About this exercise:
Word for word, restate the entries below, but exclude the images.

===== Provided records =====

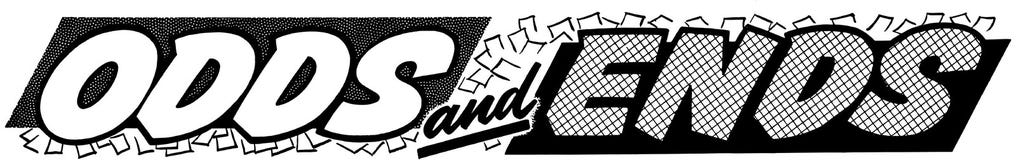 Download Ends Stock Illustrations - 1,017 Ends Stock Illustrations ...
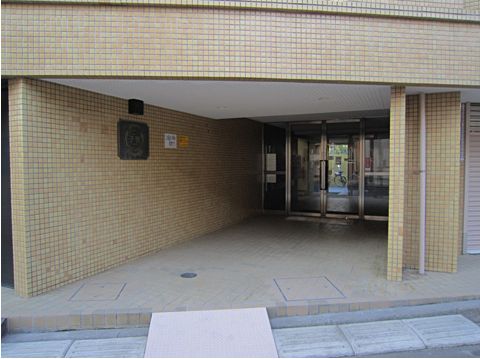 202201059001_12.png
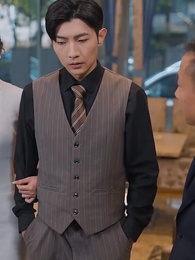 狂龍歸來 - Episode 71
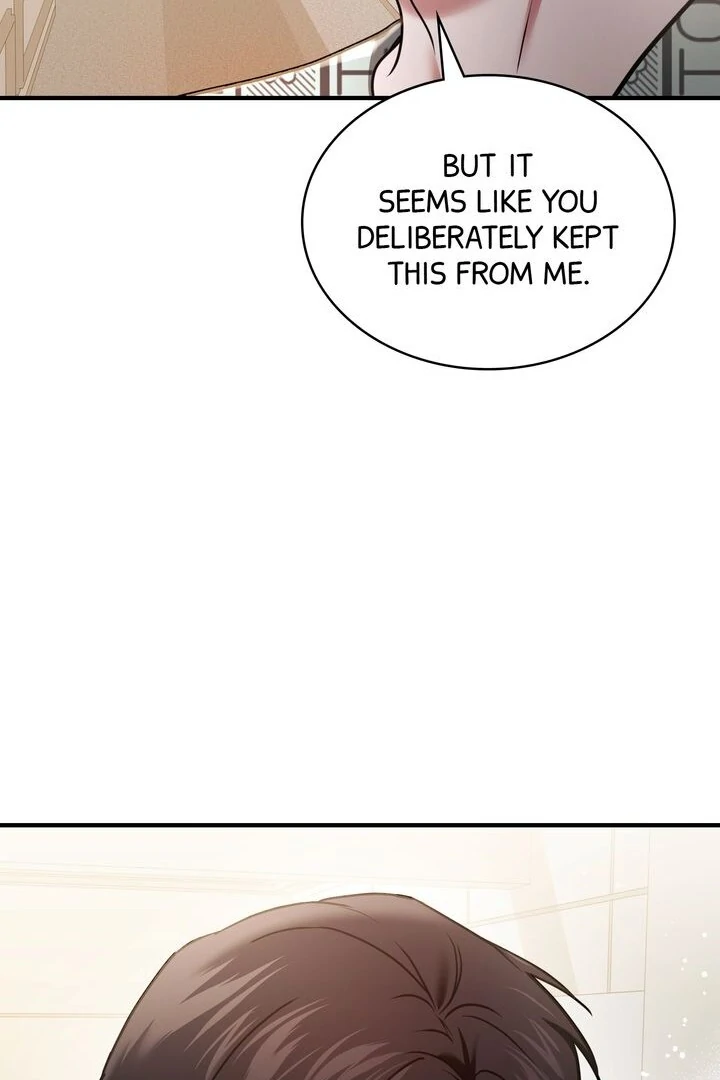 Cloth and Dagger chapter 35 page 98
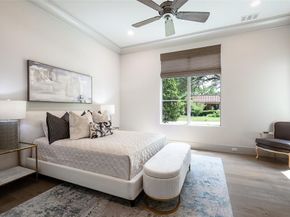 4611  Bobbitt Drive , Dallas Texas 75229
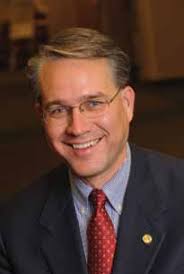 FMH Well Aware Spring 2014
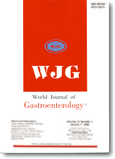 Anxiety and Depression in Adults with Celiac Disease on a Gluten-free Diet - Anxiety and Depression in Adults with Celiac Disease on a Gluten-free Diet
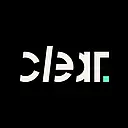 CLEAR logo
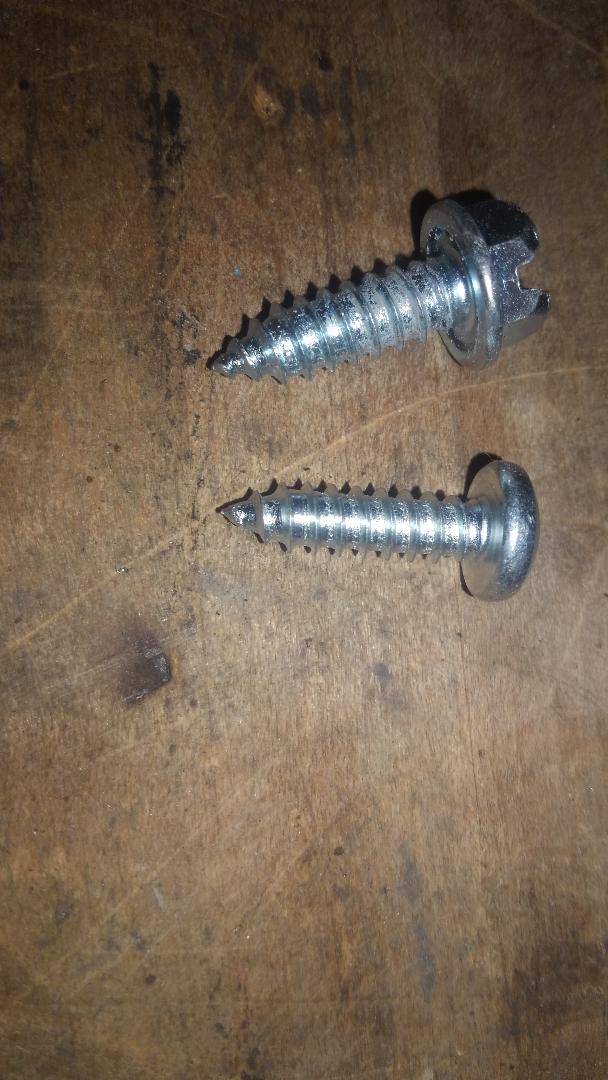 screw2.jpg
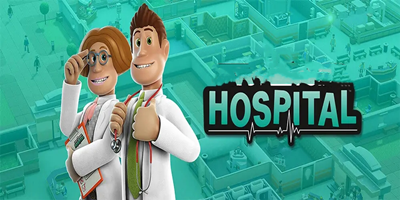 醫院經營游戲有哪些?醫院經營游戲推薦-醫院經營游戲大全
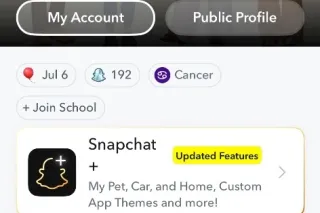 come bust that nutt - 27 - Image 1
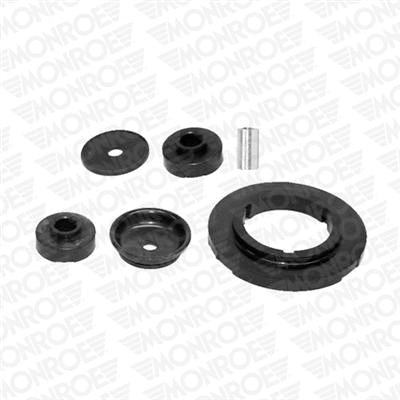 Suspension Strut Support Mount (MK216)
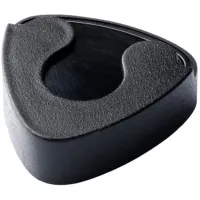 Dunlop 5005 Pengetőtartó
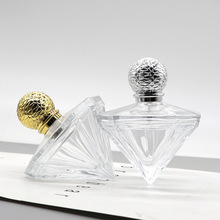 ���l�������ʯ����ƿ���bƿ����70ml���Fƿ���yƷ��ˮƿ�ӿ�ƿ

=====

Your solution:
 Download Ends Stock Illustrations - 1,017 Ends Stock Illustrations ...
 202201059001_12.png
 狂龍歸來 - Episode 71
 Cloth and Dagger chapter 35 page 98
 4611  Bobbitt Drive , Dallas Texas 75229
 FMH Well Aware Spring 2014
 Anxiety and Depression in Adults with Celiac Disease on a Gluten-free Diet - Anxiety and Depression in Adults with Celiac Disease on a Gluten-free Diet
 CLEAR logo
 screw2.jpg
 醫院經營游戲有哪些?醫院經營游戲推薦-醫院經營游戲大全
 come bust that nutt - 27 - Image 1
 Suspension Strut Support Mount (MK216)
 Dunlop 5005 Pengetőtartó
 ���l�������ʯ����ƿ���bƿ����70ml���Fƿ���yƷ��ˮƿ�ӿ�ƿ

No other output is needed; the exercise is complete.